Dynamic Gait Index(DGI)


 Dynamic Gait Index (DGI,ダイナミックゲイトインデックス) は,動的な歩行能力を評価する指標です。以下にその目的,方法および特性(信頼性や妥当性など)について説明します。

評価の目的と対象

 Dynamic Gait Index (DGI) は外部環境の変化に対応して安定した歩行ができるかを評価します。ただ歩行するだけでなく,歩行速度を変えたり,歩きながら頭部を動かしたりする課題を行わせます。DGIは歩行能力に加え,バランス能力や転倒リスクを評価するために開発され,これまで高齢者,脳卒中,脳損傷,パーキンソン病,多発性硬化症,前庭機能障害の患者さんを対象に用いられてきました。一人で歩行可能なことが適用条件で,歩行に介助が必要な人は対象外になります。

評価の方法

評価の項目と手順

 Dynamic Gait Indexは以下の8つの課題で構成されています。

  1. 平地歩行(6.1mの平地歩行)
  2. 歩行速度を変える(通常(1.5m)→速く(1.5m)→ゆっくり(1.5m)
  3. 頭部を横に向けて歩く(右を見る→左を見る→正面)
  4. 頭部を上下させて歩く(上を見る→下を見る→正面)
  5. 歩行と軸足回転(歩行中に逆を向いて止まる)
  6. 障害物を越える(歩行中に靴箱を越える)
  7. 円錐の周りを回る(一つ目右に一回り→二つめ左に一回り)
  8. 階段(階段昇降:必要に応じて手すり使用)

 対象者は歩行補助具を使用することもできます。いずれの課題も0〜3点の4段階(3が最も良好)で評価して,最大得点は24点になります。得点の詳細は以下のようになります。

 0 = 重度の障害(Severe impairment )
 1 = 中等度の障害(Moderate impairment)
 2 = 最小限の障害(Minimal impairment)
 3 = 歩行能力障害なし(No gait dysfunction)

使用する物品と環境

 靴箱,障害物2つ(同じサイズのもの)が必要です。また,少なくとも歩行距離である20フィート(6.1m)以上のスーペースが必要で,階段の評価があるため階段のある環境が必要になります。

評価にかかる時間

 10分程度で評価できます(患者さんの能力に応じて変わります)。
 

評価の特性

床・天井効果

 高齢者(Pardasaney et al., 2012),多発性硬化症患者(Cattaneo et al., 2006),急性期および慢性期の脳卒中患者(Lin et al., 2010)で天井効果が認められています。

カットオフ値

  • 高齢者では19点以下で転倒リスクが増加(感度59%,特異度64%,Shumway-Cook et al., 1997)。
  • 多発性硬化症患者では12点以下で転倒リスクが増加(感度45%,特異度80%,Cattaneo et al, 2006)。
  • パーキンソン病では転倒群と非転倒群のカットオフ値は19点以下(感度64%,特異度85%,Dibble et al, 2008)。

信頼性

(1) 再試験信頼性(いつ評価しても同じ結果が得られるかどうか)

 多発性硬化症患者 (Cattaneo et al., 2007),パーキンソン病患者 (Huang et al., 2010),脳卒中患者 (Lin et al,, 2010),前庭障害患者 (Hall et al., 2006) で確認されています。

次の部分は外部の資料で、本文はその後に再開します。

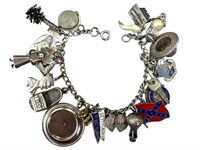 Vintage Sterling Travel Charm Bracelet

(2) 検者間信頼性(誰が評価しても同じ結果が得られるかどうか)

 高齢者 (Jønsson et al., 2011),多発性硬化症患者 (McConvey and Bennett, 2005) ,慢性期脳卒中患者 (Jonsdottir & Cattaneo, 2007),前庭障害患者 (Wrisley et al., 2003) で確認されています。

(3) 検者内信頼性(同じ人が数回評価しても同じ結果が得られるかどうか)

 高齢者 (Jønsson et al., 2011),多発性硬化症患者 (McConvey and Bennett, 2005) で確認されています。

(4) 内的整合性(評価したいことが評価できているかどうか)

 渉猟した限り確認されていません。

妥当性

(1) 基準関連妥当性(他の似たような評価指標と関連するかどうか)

 高齢者 (Shumway-Cook et al., 1997),脳損傷患者 (Medley, A. et al., 2006),慢性期脳卒中患者 (Jonsdottir and Cattaneo, 2007),多発性硬化症患者 (Cattaneo et al., 2006, 2007),パーキンソン病患者 (Cakit et al., 2007)および前庭障害患者 (Hall & Herdman, 2006)で確認されています。

(2) 構成概念妥当性(評価内因子を合わせて評価したいものを評価できているか)

 急性期および慢性期脳卒中患者 (Lin et al., 2010),多発性硬化症患者 (Cattaneo et al., 2006),パーキンソン病患者 (Landers et al., 2008) で確認されています。

(3) 内容的妥当性(項目に評価したい内容を含んでいるか)

 男性高齢者で確認されています (Chiu et al., 2006)。

(4) 表面的妥当性(その道の専門家からみて妥当かどうか)

 渉猟した限り確認されていません。

まとめ

 Dynamic Gait Indexは動的な歩行能力の評価指標として様々な疾患の患者さんに対して使われています。この評価指標は少ない物品で簡便に評価できる点が魅力です。一方で評価の信頼性や妥当性の調査は疾患ごとに偏りがあり,転倒リスクを示すカットオフ値はどの疾患でも感度が若干低めです。利点や問題点を把握した上で患者さんに適用して下さい。